Quicksilver was cool, but surf brands have suffered
In the mid to late 90s, the epitome of cool was surf wear: flip flops, puka shell necklaces, and boardshorts. It didn’t matter if you were a kid from the Midwest who had never seen the ocean, if you rocked beach-themed clothing as part of your regular wardrobe, your social identity was basically set – you were laid-back and in style. But not long after after Britney and Justin broke up, teens lost interest in California culture clothing, and surf brands suffered.
Billabong, for example, has struggled to keep its head above water in the last five years (pun intended), and last Wednesday, the formerly popular brand Quiksilver filed for Chapter 11 bankruptcy.
Quiksilver’s CEO, Pierre Agnes, said in a release, “After careful consideration, we have taken this difficult but necessary step to secure a bright future for Quiksilver.” According to Agnes, the bankruptcy plan is a “difficult but necessary step” that will help complete a turnaround of the company’s U.S. business.
Unfortunately, Quiksilver is in need of a turnaround for multiple reasons
The brand didn’t just suffer from irrelevance after the early 2000’s: it also took a hit during the recession, and made some missteps, including opening too many stores and geographically spreading out its operations, causing backups and delays on the West Coast.

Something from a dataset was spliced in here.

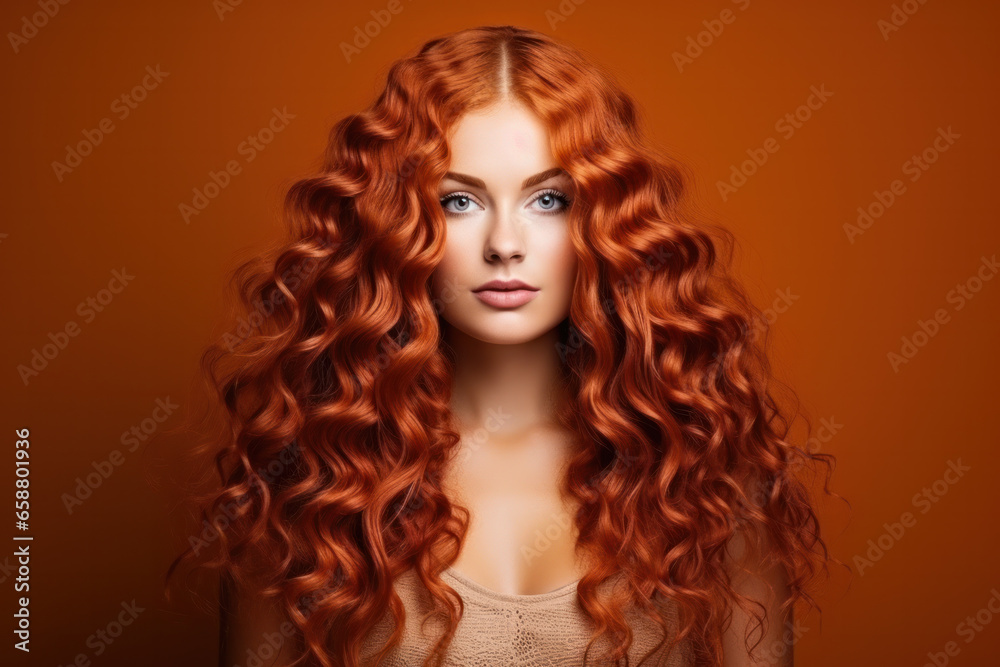Fototapeta premium Redhead girl with long and shiny wavy red hair. Beautiful model with curly hairstyle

Then, one of the brand’s most prominent sponsors, surfing world champ Kelly Slater, ended his relationship with Quiksilver to start his own line of clothing. Additionally, cheaper brands like H&M and Forever 21 have swelled (again, pun intended) in popularity in the last decade, and “fast fashion” has elbowed out other clothing companies in the teen market.
Quicksilver will restructure and close 27 stores
As part of the bankruptcy plan, Quiksilver will receive about $175 million in financing from affiliates of Oaktree Capital Management and Bank of America to operate during the bankruptcy. Oaktree, which owns 73% of the company’s senior debt, will convert its debt to equity, taking a majority ownership stake. The firm’s Asia-Pacific and European business units are not part of the bankruptcy filing.

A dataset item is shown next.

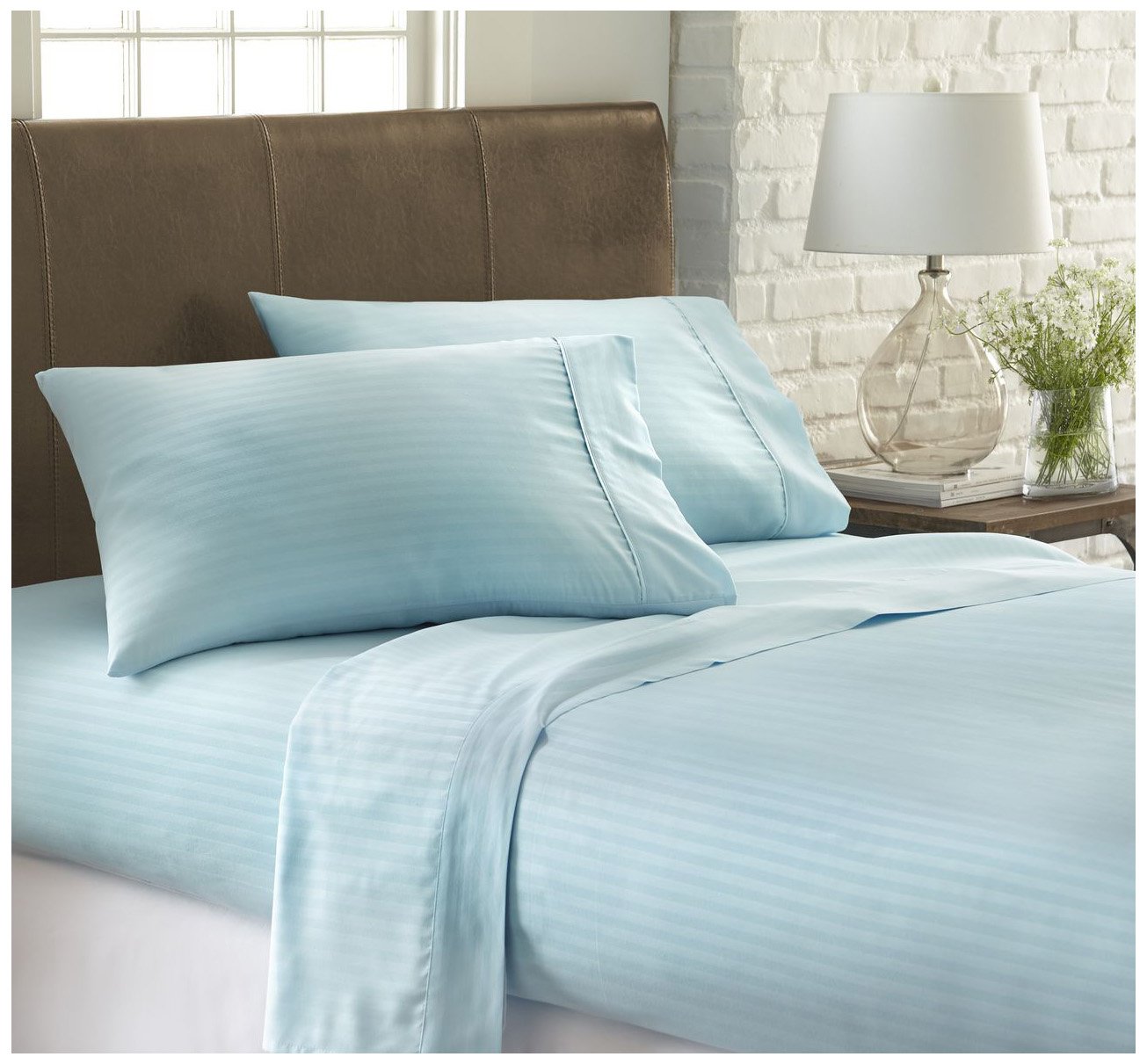 Linen Market ienjoy Home Embossed 4 Piece Sheet Set, Queen, Stripe Aqua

Quiksilver will close 27 stores in the U.S., with the plans of restructuring the company in order to stay relevant. And while the brand is not likely to return to its broad-based appeal, the fashion market is constantly revolving–the 90’s are in actually back in style. So perhaps, along with plaid shirts and combat boots, puka shells and nostalgic surf shirts will make their way back into the wardrobes of cool teens everywhere.

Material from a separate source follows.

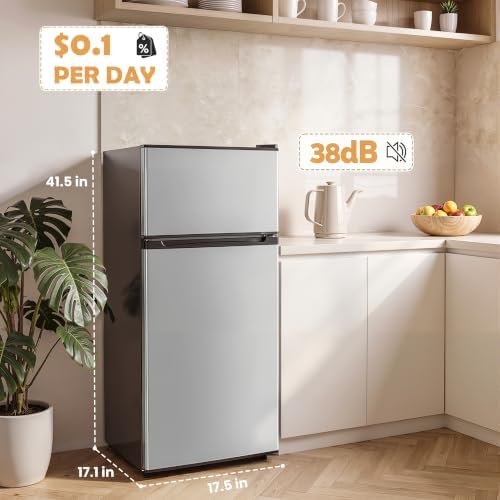 Manastin 4.5 Cu.Ft 2-Door Mini Fridge Freezer, 2-Piece Set for Dorm/Office - Image 4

September 24, 2015 at 1:31 pm
It’s not just surf brands it’s the entire industry. Parasuco, Mexx, Jacob, Laura, Bootlegger, Wet Seal and the list goes on all closed stores or went bankrupt. Macy’s and GAP closed a ton of stores. Kanati Clothing Company drastically scaled back its operations. Forever 21 is seeking outside investors for the first time ever. Even luxury retailers like Holt Renfrew are closing stores. E-commerce giants like Karmaloop went bankrupt. Tillys and Zumiez stock is way down and the largest manufacturer in the US, American Apparel is expected to fall into bankruptcy shortly. I’d say we are seeing a bigger trend of consumers with no cash in their pocket wanting the $5 deal rather than actually paying.